Ekpe, who summoned the medical rescue team that went to Ukpah to rescue Ogar and his family, said,“We got to know about this when we saw a post on social media that a family of five (vagrants) were just perambulating the area. After that, we got a call from the minister of health mandating us to do something about it.

“Immediately, the Medical Director in charge of the hospital directed me to arrange a team to bring them to Calabar. So, a crack team, led by Dr. Ndubuisi Ikedife, went to Ukpa and the whole family of five were brought here. The only altercation we had was the man, who though resisted, but was not violent. It was as if he had taken the vagrancy as a way of life.

“Reports reaching us indicate that he was a comfortable person in one small tent in a bare land. He had an attitude of not receiving anything from anybody, not even from those who wanted to help. He does not accept money but could direct one to where to buy food for him and he will accept the food.

“On getting to the hospital, we got more information regarding his history. We were told that he is a graduate of the University of Calabar; he read Mathematics. He was somewhere in Enugu State doing business and was doing well with all the indices of a progressing man.

“The family was intact. Somewhere along the line, it was learnt that the brother died and he lost his job – that was where his deterioration began. He was said to have relocated back to the village and he started living like a lunatic. The family found out and collected the first two children from him, but he still went on to procreate and that was how he gave birth to three. They have been living happily as vagrants.

“They are not all mentally ill, it is only the father that is mentally sick, but because of his influence, he wielded some power on them and they had to follow him all over the place the way he wanted. Otherwise, the children are like every other children jumping about with curiosity. The wife has been very quiet.

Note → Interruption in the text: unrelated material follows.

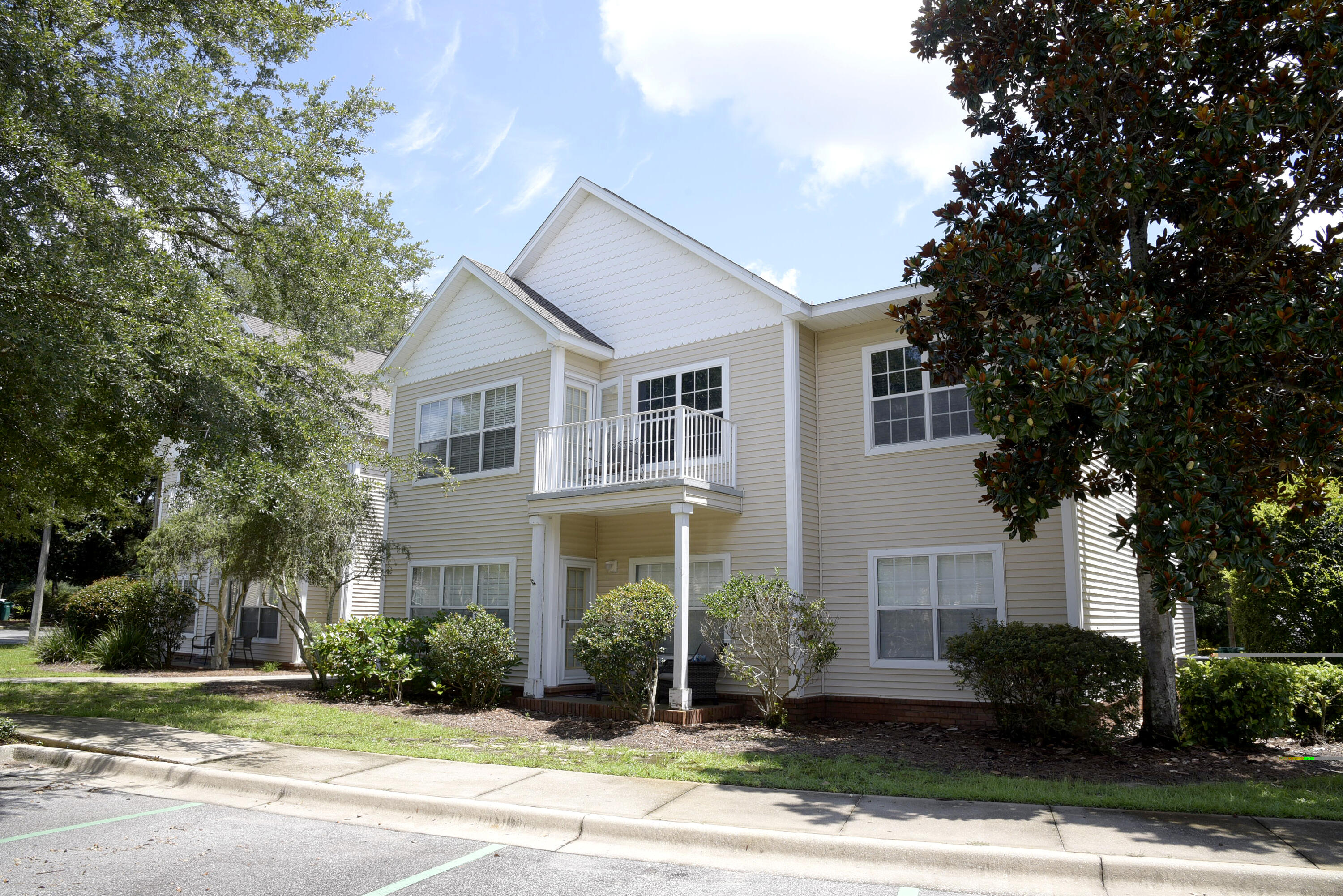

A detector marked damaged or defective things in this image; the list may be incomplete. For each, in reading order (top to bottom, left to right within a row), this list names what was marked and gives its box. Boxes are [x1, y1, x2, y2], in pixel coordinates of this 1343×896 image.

sidewalk crack [1252, 816, 1316, 865]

“At first, we thought she was very secretive, but further interview with her showed nothing. In just one week, the family has done very well. The man has become less delusional, but we are still keeping him because we noticed a form of over-valid idea.”The leader of the rescue team, Dr. Ndubuisi Ikedife, also disclosed how Ogar was rescued.

“On getting to Bekwarra, we first contacted the corps member who posted their pictures on social media. We also met with the village head who helped mobilised the youth to assist us in rescuing the family. They had a land where they lived. It is a well maintained land, which according to the village head was his father’s land.

“We learnt that the first two children were taken away by the sisters and that when he came to the village he destroyed the father’s house with the claims that a grown-up child is not supposed to stay in his father’s house. We noticed that they had well packaged and clean kitchen utensils such as plates. We told him why we came but he turned down our gesture. We had to sedate him and the wife became agitated, we had to do same to her but the children were just quiet and obeyed what we told them.

“The traditional ruler told us that government or philanthropic individuals could build a house for him at the spot he was ‘arrested’ because it is his land,” he said.

When asked what the next step could be after rehabilitation, Ekpe called on government and well-meaning individuals to provide shelter and means of livelihood for the Ogars.

“It is left for the government. The same government that showed interest in their rehabilitation should also show interest in resettling them because that will be the only thing that will help maintain the stability. He is becoming very stable and in just one week, he has done tremendously well.

“What will sustain them are good rehabilitation facilities from government. We would assist in the reintegration; but first, they must have somewhere to stay. These are the things needed to bring him back to normalcy,” he added.